Por exemplo, pensamos que verificar que os casos de violência que
chamaram mais atenção do público e dos especialistas ocorreram entre os grandes clubes
de Portugal, tem grande relevância para o estudo. Isto significa dizer, que nas temporadas
analisadas quase todos os jogos entre os principais protagonistas, estiveram envolvidos por
grande tensão, muitos cartões amarelos e vermelhos durante os jogos e, muita discussão
em relação à arbitragem desses jogos.
Uma segunda forma de manifestação de agressões físicas seria a violência
entre as torcidas. Podemos afirmar que esta forma está muito ligada a uma outra categoria
de violência, o vandalismo.
Com relação à categoria vandalismo é importante destacarmos que os casos
ocorridos em Portugal sugerem o que determinados estudos realizados por outros autores,
em outras sociedades também sugere, ou seja, a atração pelos atos violentos
independentemente de estarem associados a problemas sociais.

b) Além desta categoria, outras categorias identificadas foram, a ameaça, a


fraude, a ofensa, o suborno. Do ponto de vista qualitativo, no sentido que suscitaram
muitos comentários da sociedade como um todo, podemos destacar as categorias de
suborno e vandalismo.

c) Ao observarmos os dois jornais comparativamente e respeitando os


perfis, podemos afirmar que estes dois jornais se constituem num corpo crítico de grande
importância, que ao elaborar suas críticas e reflexões, aborda os pontos centrais daquilo
que ocorre no ambiente futebolístico português.

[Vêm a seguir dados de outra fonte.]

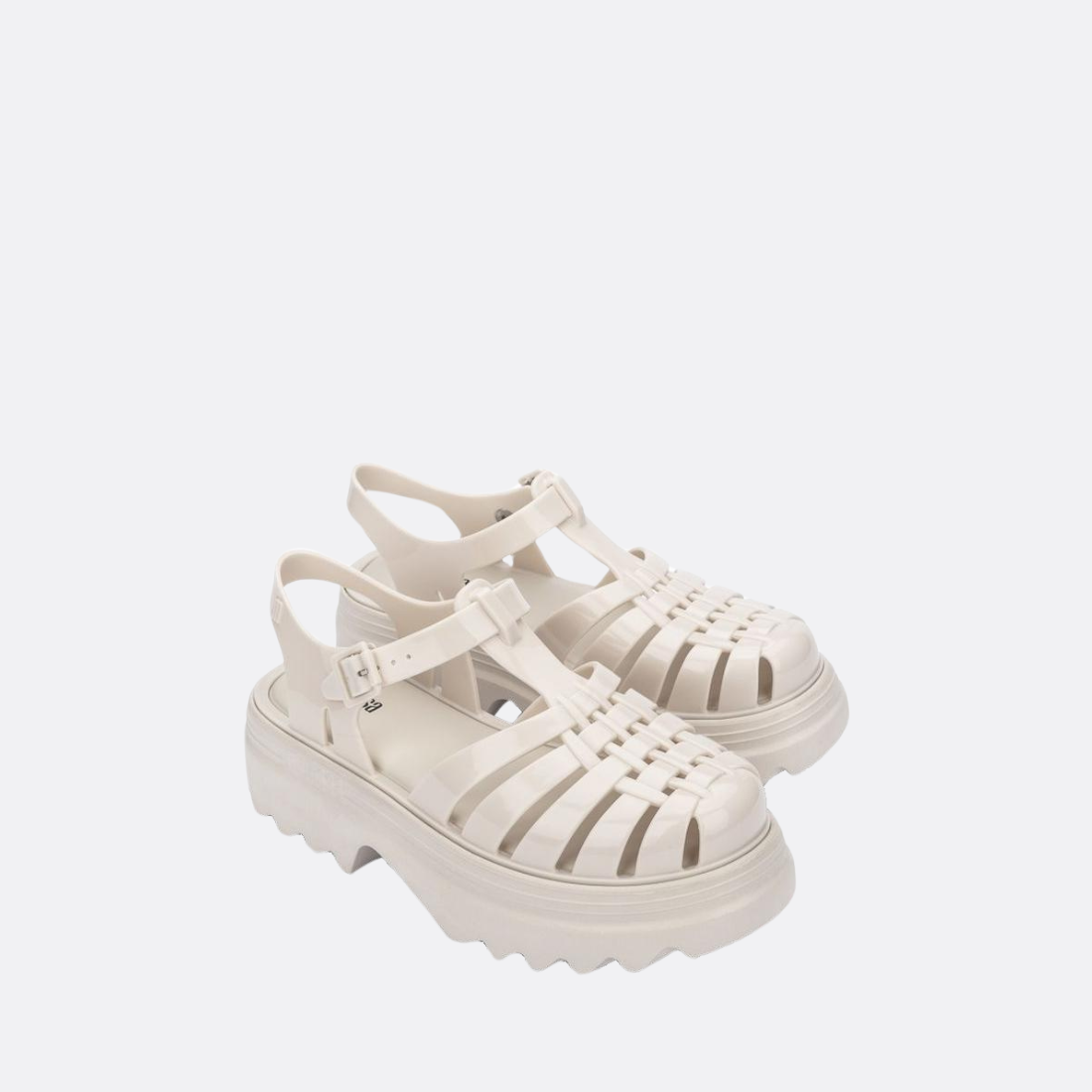 <PRODUCTTITLE> in Beige by Melissa.
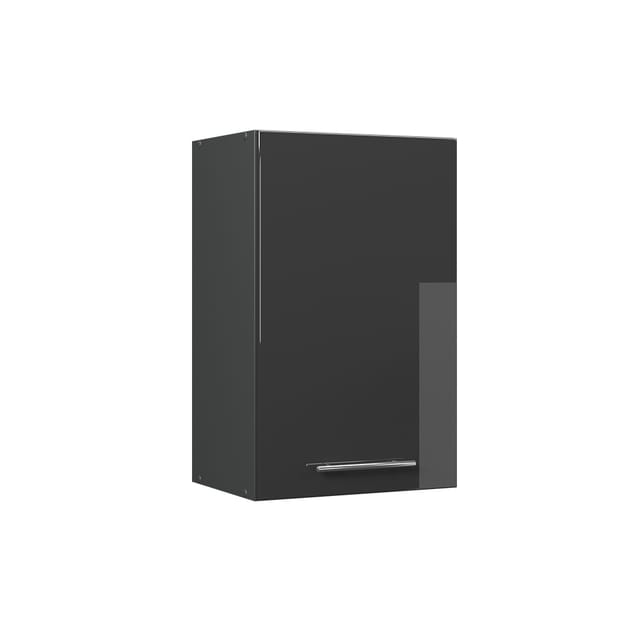 Hängeschrank Fame-line, Anthrazit Hochglanz, 45 Cm, Vicco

Aliás, podemos até afirmar que existem
determinados aspectos da dinâmica do futebol, que são discutidos e analisados pelos dois
jornais, mesmo que não o façam simultaneamente.
Acima de tudo, essas críticas refletem uma pressão social no sentido da
diminuição da violência no futebol assim como, sua melhoria de qualidade como um todo.
É opinião unânime dos especialistas dos jornais, que a arbitragem tem papel
preponderante na qualidade do espetáculo do futebol.

OBSERVAÇÃO DOS JOGOS

Em relação à observação dos jogos, gostaríamos de destacar alguns pontos


que observamos na dinâmica do futebol.

a) Diante de faltas idênticas, os árbitros, aplicam critérios diferentes. Por


exemplo, diante de uma falta claramente possível de cartão amarelo ou até vermelho, às
vezes aplicam-no, outras vezes não. É importante frisarmos que esta atitude, quando ocorre
dentro de um jogo, cria um clima de revolta e desconfiança, sendo fonte de motivo para
outras faltas e aumento da tensão dentro de campo.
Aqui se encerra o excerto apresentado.